Main cause of oral carcinoma and precancerous conditions of mouth is the tobacco; both smokeless and smoked versions are equally responsible. Factors such as genetic, environmental and gene environmental interactions, viral, and behavior (smoking, alcohol) have been implicated in the etiopathogenesis of oral cancer [5]. One of the hallmark of cancer progression is DNA damage, resulting either from various carcinogens accumulating from etiologic influences or due to genetic errors [6].
To evaluate genotoxic effects in tobacco users on buccal mucosa, DNA damage can be assessed by chromosomal aberrations, sister chromatid exchanges and micronuclei test [3, 5]. Out of these micronucleus test found to be most easy, sensitive, non-invasive and very economical [7]. A micronucleus (MN) is formed during the metaphase/anaphase transition of mitosis (cell division). The literal meaning of the word micronucleus (MN) describes it as a small nucleus in a large cell, or the smaller nuclei in cells that have two or more such structures. Micronuclei assay in exfoliated buccal mucosal cells is a useful and minimally invasive method for monitoring genetic damage in humans in comparison to obtaining blood samples for lymphocyte, fibroblasts [8, 9].
Oral mucosal cells are the first barrier for ingestion or inhalation route and are capable of metabolizing proximate carcinogens to reactive products. Approximately 90% of human cancers originate from epithelial cells [10]. They represent preferred target site for early genotoxic events induced by carcinogenic agents entering the body through inhalation and ingestion.
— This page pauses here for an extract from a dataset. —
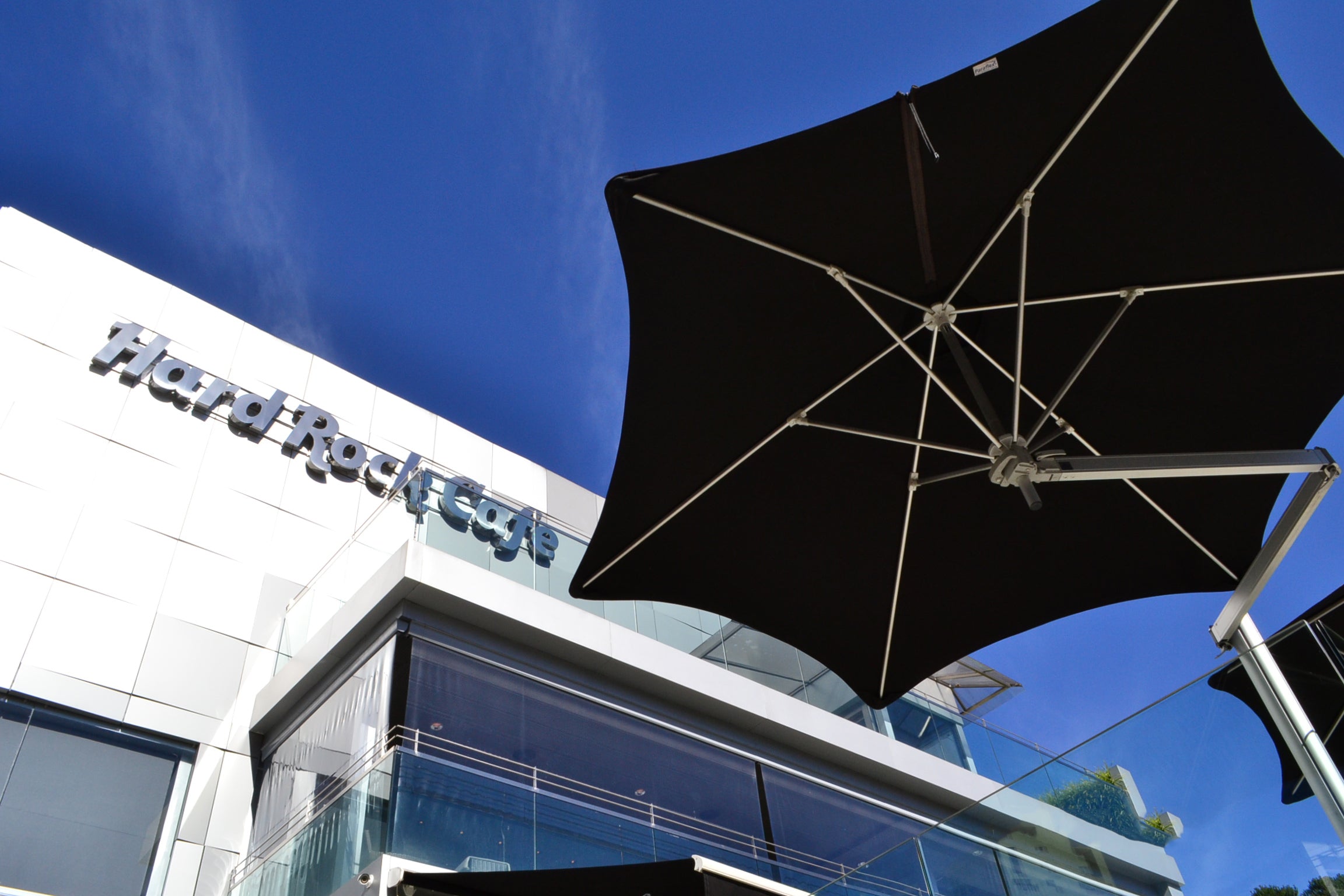 Umbrosa I Paraflex Mono 2,7 m, rund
Our study separately assesses and compares the effects of smokeless and smoked tobacco on the oral mucosa and compares with habit free controls [10]. It will also be evaluated whether the frequency and duration of tobacco habit are proportional to the damage caused [5].
Materials and Methods
This cross sectional study was conducted in the department of Otorhinolaryngology and Head Neck surgery at Medical College and Sir Sayajirao General Hospital, Baroda, Gujarat from October 2015 to October 2016.
Study Subjects
Inclusion Criteria
A total of 420 cases with 60 cases in each of the following sub-groups, (a) no tobacco habit with no obvious oral lesion (control group), (b) tobacco habit with no obvious oral lesion, (c) tobacco habit with oral sub mucous fibrosis, (d) tobacco habit with leukoplakia, (e) tobacco habit with melanoplakia, (f) tobacco habit with erythroplakia, (g) tobacco habit with stage I and stage II oral squamous cell carcinoma.
Exclusion Criteria
Those with (a) extremely poor oral hygiene, (b) age less than 10 years, (c) on long-term orthodontic therapy, (d) chronic source of irritation in oral cavity, (e) alcohol usage, (f) occupational exposure to various chemicals, (g) stage III and IV oral squamous cell carcinoma, (h) known carcinoma patients on chemotherapy and/or radiotherapy were excluded from the study.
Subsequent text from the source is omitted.